Continually plagued by bad weather, the project was halted because the vaquitas reacted poorly to being placed in the sea pen designed to house them. That persuaded researchers that capturing the animals was not worth the risk. “There’s nothing worse than having an animal die in your hands,” says Frances Gulland, the lead VaquitaCPR veterinarian and a scientist at the Marine Mammal Center in Sausalito, California.
The hope had been to move as many as a dozen animals to a temporary sanctuary. Instead Mexico will attempt to step up enforcement of fishing laws in a last ditch effort to save the handful of survivors.
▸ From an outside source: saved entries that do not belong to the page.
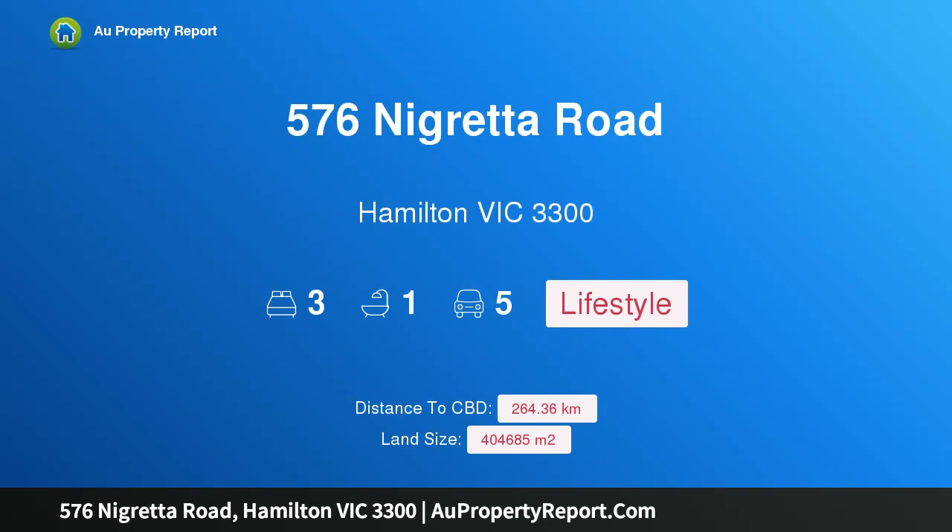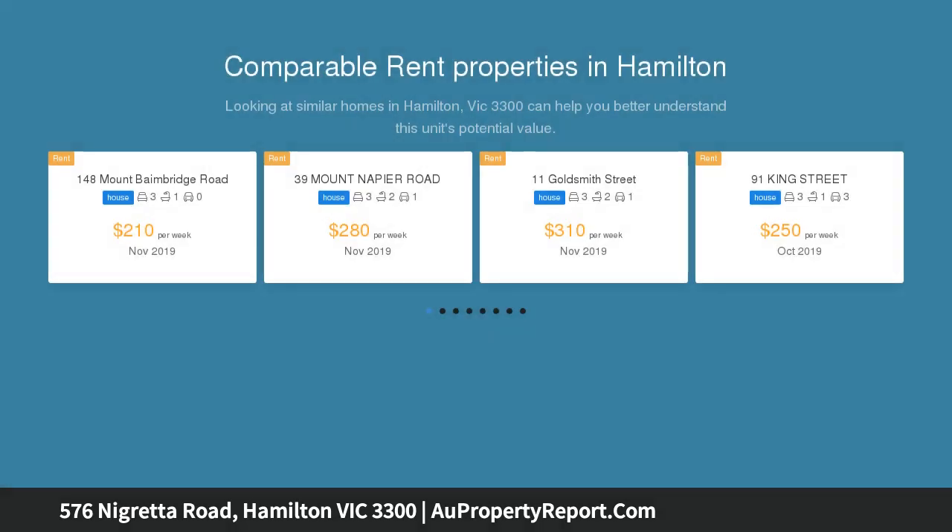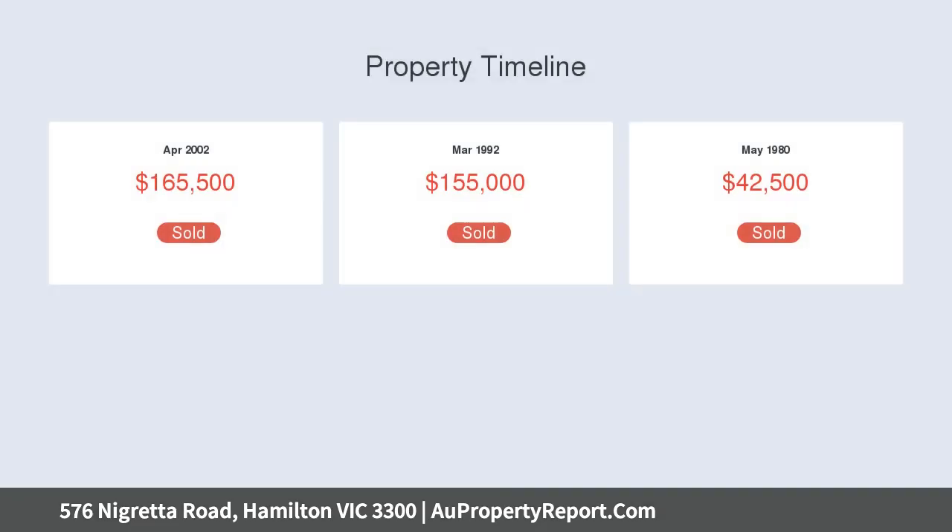I am glad to introduce property 576 Nigretta Road, Hamilton, Victoria 3300 — rural acreage close to town. Phone inquiries, please quote property ID A23379. Quiet location with house and outbuildings set back from the road, about a 10-minute drive from Hamilton.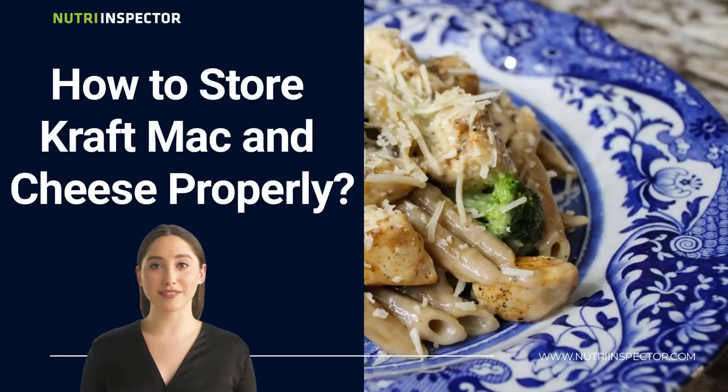And how to store Kraft Mac and Cheese properly? Make sure to store the entire box in a cool, dry place, devoid of moisture and dampness. Also, remember to keep it out of direct sunlight or any artificial light. You can also make sure that the temperature remains stable by not moving the box from its original location to another, like the refrigerator or any spot that is significantly warmer or colder.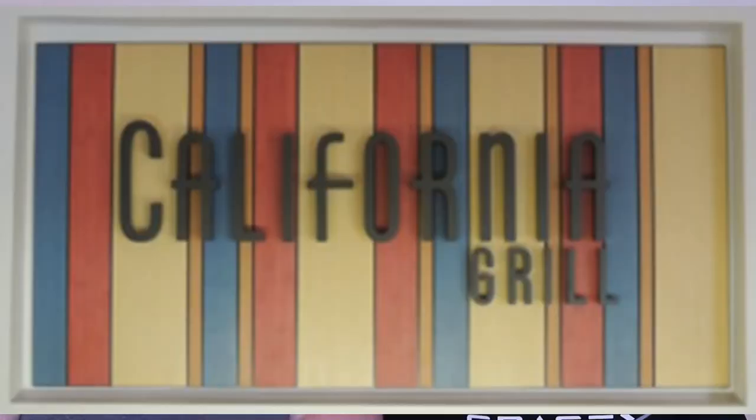Hey guys, welcome back! If you've been here before, thank you, and if you're brand new, we hope you'll stick around and hit the subscribe button. Today we're going to review the California Grill. It feels like we haven't done one of these in ages, but let's just get going with our categories.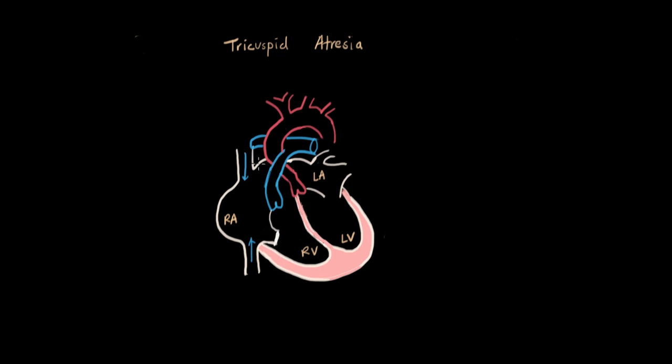Before we worry about what happens to the blood, let's look at the right ventricle. Since this occurs while the baby is still in the uterus, the right ventricle also does not develop — it's use it or lose it. Since it doesn't get to pump blood, the muscle doesn't develop and the right ventricle is just a tiny little sac. It's not functional, and therefore there's no blood going to the lungs either.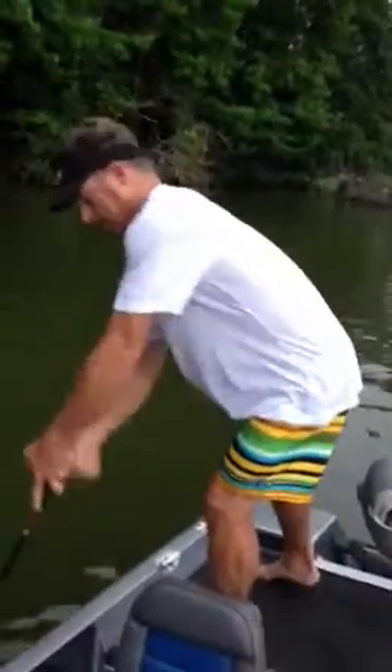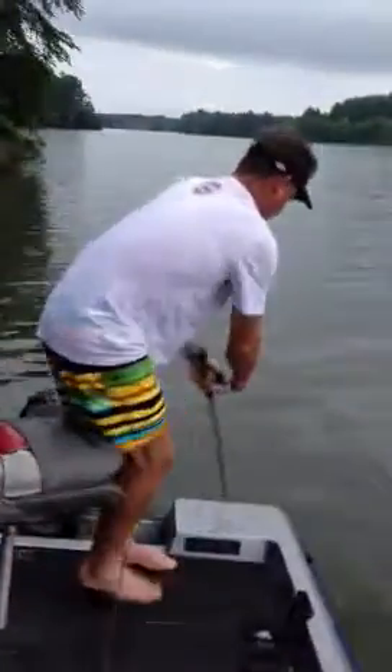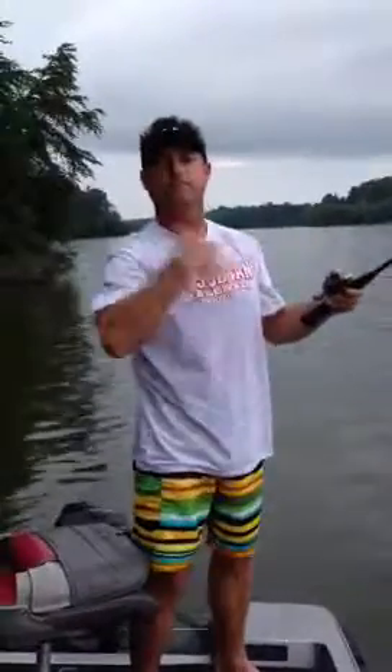Get him! Get him! Go around the boat, Luke. Go around the boat. Dog, I missed him. Cut it.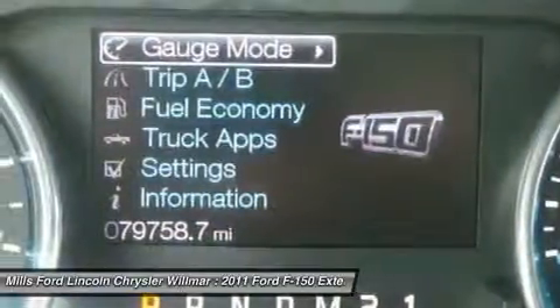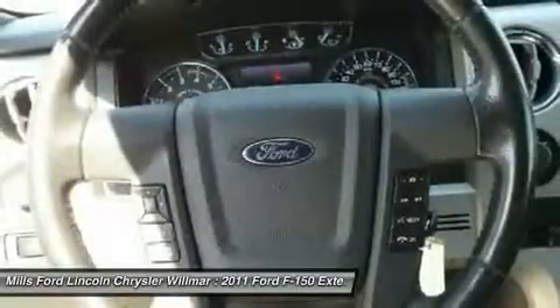Floor mats. Drive away with a great deal on this vehicle. Call or stop in today.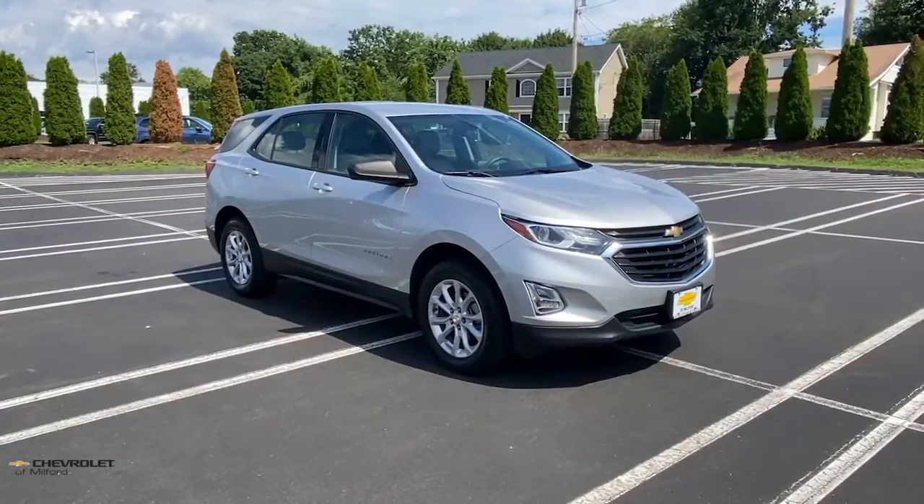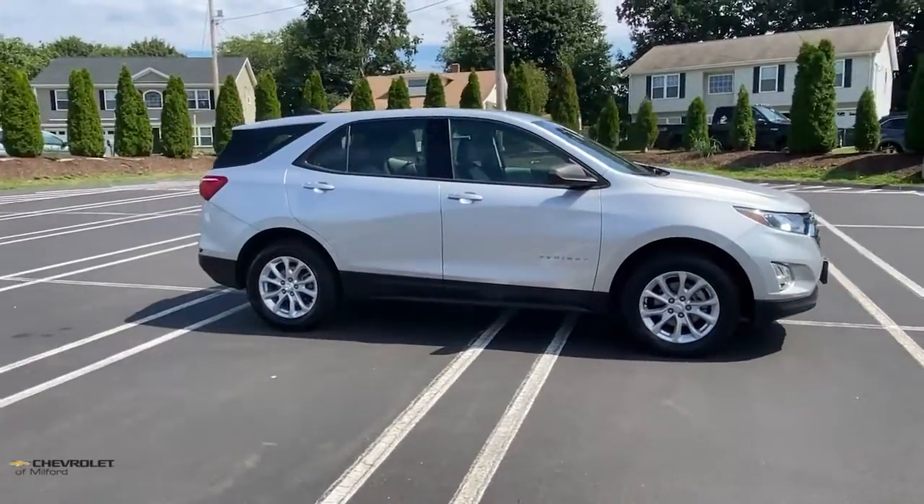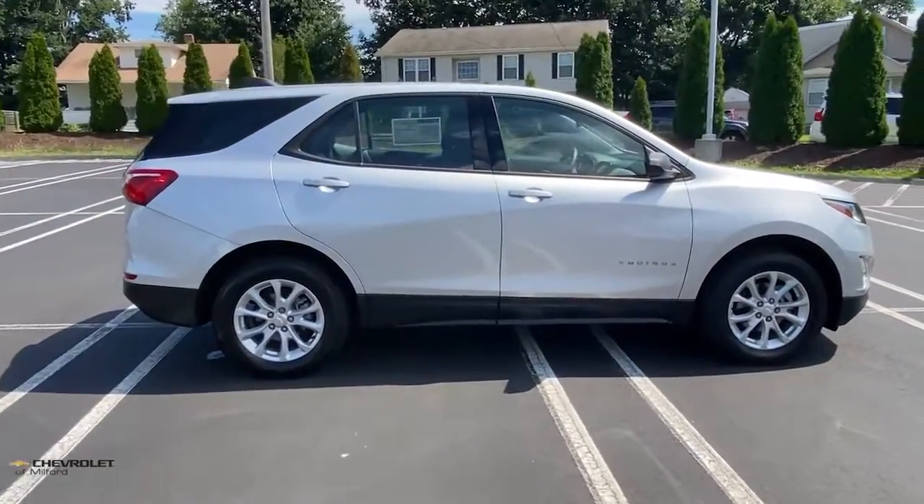You will love the features of this 2019 Chevrolet Equinox. This vehicle is an outstanding buy with fewer than 35,000 miles on the odometer.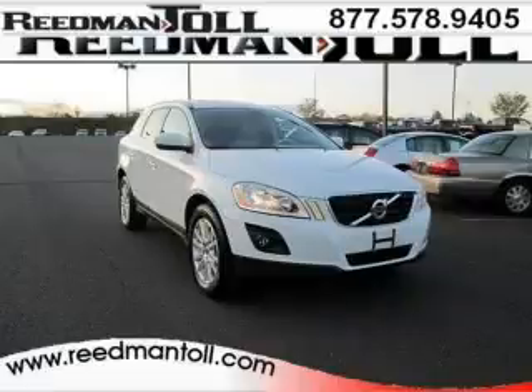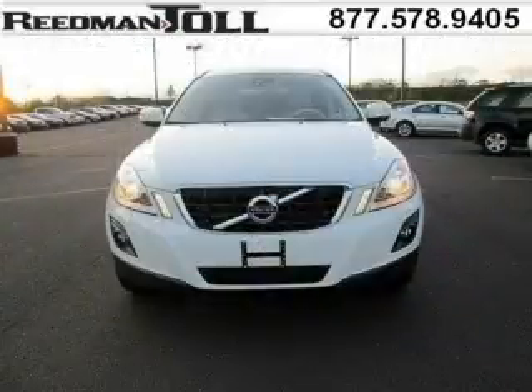Do you want to stretch your purchasing power? Well, take a look at this outstanding 2010 Volvo XC60. This XC60 would look so much better with you behind the wheel instead of sitting on our lot.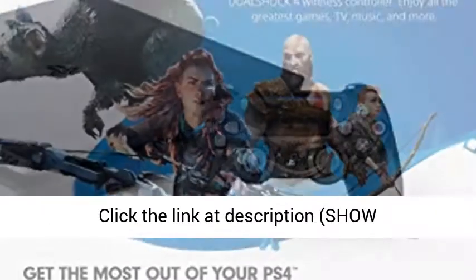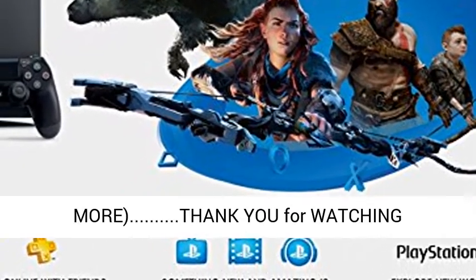Want more information? Click the link in the description. Thank you for watching.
Giving mosquitoes a disease makes them less likely to spread malaria
Wolbachia is a bug disease. More definitively, it’s a gram-negative bacteria which infects arthropods, but doesn’t infect birds or mammals. In many insects, Wolbachia is harmless. Some can’t even reproduce without its help. But mosquitoes aren’t typically infected by this genus of bacteria.
A team from the National Institutes of Health, working with colleagues from Mali, discovered a group of mosquitoes in Burkina Faso that carried a species of Wolbachia. And they made what could be a key discovery about these bug-infected bugs.
Experimental infections indicate that wAnga-Mali infection reduces malaria transmission by a mechanism that affects sporozoites and opens the possibility of exploring the introduction of Wolbachia into natural populations of anophelines as a strategy to reduce disease transmission.
That is, mosquitoes carrying this particular Wolbachia had a harder time passing on malaria to humans. Which opens up a new path to combating a disease that affects millions each year.
Bacteria as the power supply for hybrid nanomotors
The promise of nanotechnology — machines so small they’re microscopic — had often been thwarted by the ability to build and power such tiny devices. Scientists can assemble incredibly small structures atom by atom, but such constructions are often difficult to create and unstable. In particular, they’re hard to power. Batteries aren’t the most efficient means of storing energy at any size, and building them in super-tiny sizes is super difficult.
So … a team from the Institute of Nanotechnology in Rome has bypassed both the difficulty and inefficiency of building a mechanical power source, by harnessing a biological one. You’ve heard of a treadmill for shrimp? They’ve built an engine powered by bacteria.
Swimming bacteria adhere to the surface and act as micropropellers, which can also be switched on and off by using chemical or light signals.
The system they’ve designed actually captures bacteria and locks them into a design that looks like the world’s tiniest water wheel. Go take a look. See the little indicator on the picture that shows 10 micrometers? For comparison, a single red blood cell is about 8 micrometers, while a single human hair is about 100 micrometers in diameter.
Similar engines have been tried before, but have proved difficult both to manufacture and to reliably control. The team from Rome claimed to have solved both these issues — which could prove to be quite a breakthrough.